Listeners of Savant will tell you a couple of things about his productions – they’re wild, they’re wacky, and they’re never, ever the same.

Protos, what seems like Savant’s umpteenth release (actually his tenth), is something that music fans all over can appreciate. There’s something deeply transcendent about a work that strives so hard to break boundaries and molds. Oh, and a hint — if you’re looking for EDM on this album, you’re out of luck. “There’s no EDM on this album. This is the closest thing to EDM there is. Come on, don’t be such a pussy.” (in reference to his track Rise Up)

‘Spaceship’ is probably the epitome of cheesy electro pop and yet it works so well. It’s funky and melodic, and there’s actual song structure too. But in the end, all you’re getting is just a taste of the overall theme of Protos. Listen to the whole thing and you’ll be instantly hooked.

What if you could be a hero? This is what Savant wants you to be when you listen to Protos, his 10th album and a return to his childhood dream of living in a world where heroes did anything and everything to save the day. This ambitious electro-pop space opera contains 18 tracks inspired by saturday morning cartoons and his favorite music all written and vocalized by Savant himself.

Interview with Savant

It’s been 8 months since Orakel. Have you been working on Protos this whole time?

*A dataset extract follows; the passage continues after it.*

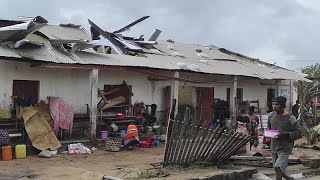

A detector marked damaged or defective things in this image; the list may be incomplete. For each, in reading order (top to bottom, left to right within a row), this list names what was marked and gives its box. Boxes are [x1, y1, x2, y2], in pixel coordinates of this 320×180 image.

damaged house [0, 15, 308, 142] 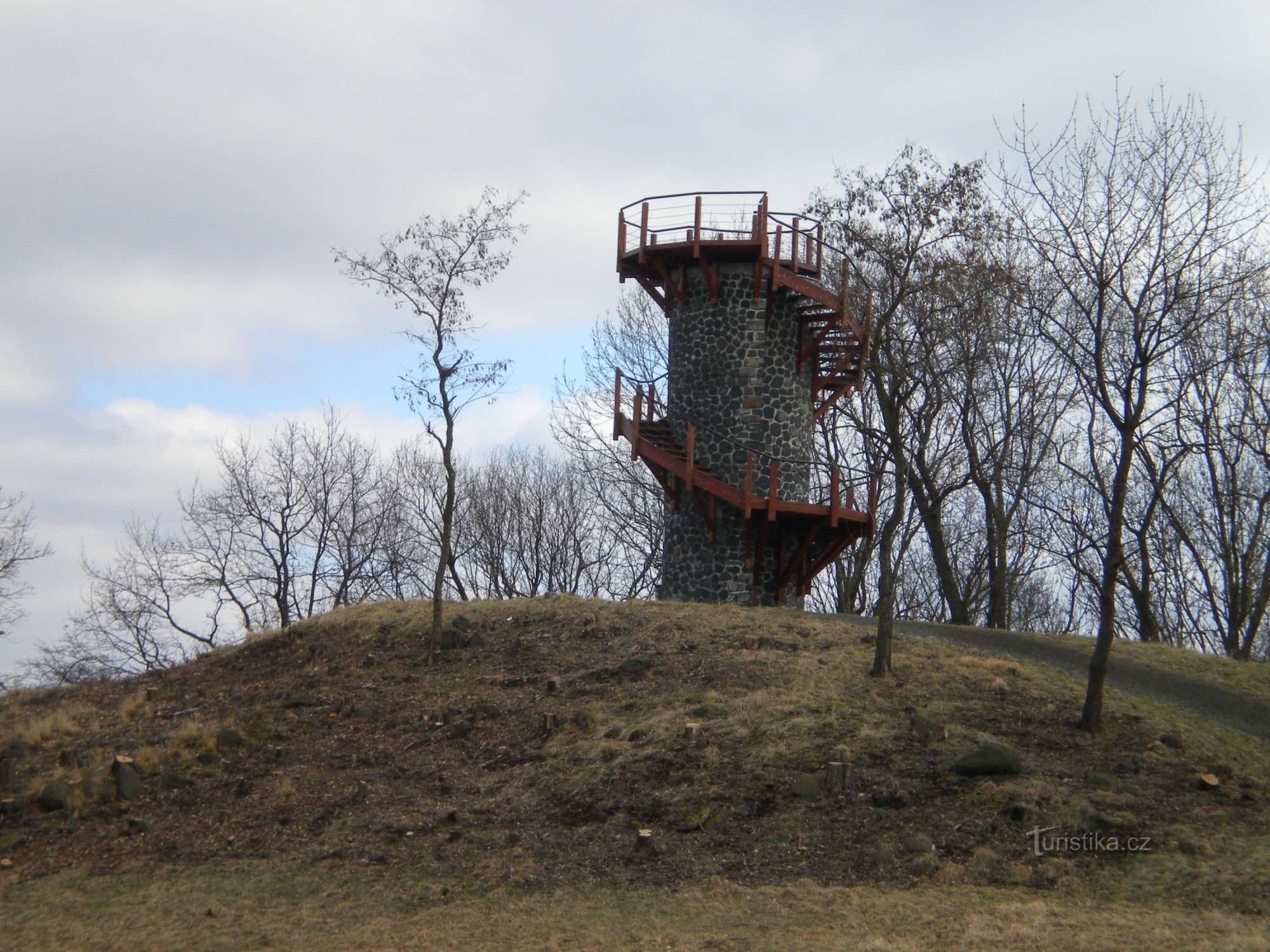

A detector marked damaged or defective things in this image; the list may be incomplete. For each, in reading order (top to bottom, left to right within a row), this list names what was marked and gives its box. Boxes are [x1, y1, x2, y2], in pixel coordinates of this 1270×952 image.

No. I only decided on going the Protos direction after working on dozens of demos for another album. It was about April while I was in Chicago for a few months. I posted the best WIPs from the previous project on my Soundcloud as Unfinished Business. Just really wanted to change it up and I had a couple of rock like demo’s that really started to connect with me.

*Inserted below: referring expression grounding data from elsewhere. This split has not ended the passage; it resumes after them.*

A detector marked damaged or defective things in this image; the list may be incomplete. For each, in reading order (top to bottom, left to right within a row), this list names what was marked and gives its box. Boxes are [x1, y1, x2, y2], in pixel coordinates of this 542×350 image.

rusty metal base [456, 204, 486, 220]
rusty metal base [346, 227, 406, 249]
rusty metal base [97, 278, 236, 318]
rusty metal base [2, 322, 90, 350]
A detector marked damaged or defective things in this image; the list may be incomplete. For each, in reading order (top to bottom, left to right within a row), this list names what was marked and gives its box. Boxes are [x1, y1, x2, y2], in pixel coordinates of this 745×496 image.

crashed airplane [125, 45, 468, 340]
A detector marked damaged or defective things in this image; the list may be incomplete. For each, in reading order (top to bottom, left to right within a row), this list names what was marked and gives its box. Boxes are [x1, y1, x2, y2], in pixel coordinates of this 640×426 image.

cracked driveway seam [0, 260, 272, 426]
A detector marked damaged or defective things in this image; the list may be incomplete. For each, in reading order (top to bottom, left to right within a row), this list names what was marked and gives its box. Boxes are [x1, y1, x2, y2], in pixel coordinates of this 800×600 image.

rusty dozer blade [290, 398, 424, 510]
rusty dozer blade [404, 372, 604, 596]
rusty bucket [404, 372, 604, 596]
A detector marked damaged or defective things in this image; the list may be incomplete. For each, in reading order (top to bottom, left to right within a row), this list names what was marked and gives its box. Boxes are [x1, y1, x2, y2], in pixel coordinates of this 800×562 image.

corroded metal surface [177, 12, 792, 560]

You’ve been touring, as well. Do you like to try out new material on the road to see how it goes down?

Always. I have tracks that I would only play live and not release and VIPs of the tracks I am tired of playing so that fans that come back to see me get something different every time.

Have you considered making an animated film to go with Protos, similar to “Interstella 5555” by Daft Punk?

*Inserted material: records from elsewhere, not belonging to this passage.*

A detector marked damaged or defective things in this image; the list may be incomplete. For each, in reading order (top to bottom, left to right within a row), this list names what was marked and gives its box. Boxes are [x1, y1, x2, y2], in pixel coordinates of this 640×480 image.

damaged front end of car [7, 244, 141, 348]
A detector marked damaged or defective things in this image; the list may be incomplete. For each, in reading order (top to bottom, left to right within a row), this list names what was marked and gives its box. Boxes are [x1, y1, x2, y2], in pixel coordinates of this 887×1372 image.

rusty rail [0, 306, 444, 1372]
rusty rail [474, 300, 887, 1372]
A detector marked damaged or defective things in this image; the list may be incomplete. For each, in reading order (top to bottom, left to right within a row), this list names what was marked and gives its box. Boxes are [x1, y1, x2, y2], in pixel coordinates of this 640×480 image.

I have an idea for an animated album. This one is not it. We have talked a lot about doing a Laser Sharks comic book and who knows what else. I think it would be cool to make some of these characters we created here a real thing.

This album is being said to be a throwback to your Vinter In Hollywood days. Is there any truth to that, or do you just like making good music?

I think people need to find a foothold for change and the unexpected, if it’s Vinter In Hollywood then fine. I have learned a lot as Savant over the years and I have poured that and my love for the things that inspired Protos into the songs. This is the music I feel the most connected to right now and it’s opened up an entire new dimension for me. Let’s see where this goes from here.

How was it doing all of the vocals for the album? Did you have to learn Japanese or did you already know it? Do you sing live at shows?

I have been in a few bands so I have sang live before. Looking forward to doing it again. Every once in a while now I will pick up the mic during a chorus. Making all of these voices for Protos was a lot of work. I spent two weeks in a professional studio doing hundreds and hundreds of takes to get the feelings I have on the album. The Japanese bit was a lot of fun, I did a ton of research to make sure I had it right so yeah, I learned Japanese just for Laser Sharks.

Was the concept for the album figured out quickly or did it take a long time to nail down just what you wanted to do?

These are songs I have been wanting to do for a VERY long time now so figuring it out was simple. Making the decision to take this to my fans was a very introspective process but I could not be happier with the result and know it will evoke all sorts of feelings.

Does it get hot in the mask when performing?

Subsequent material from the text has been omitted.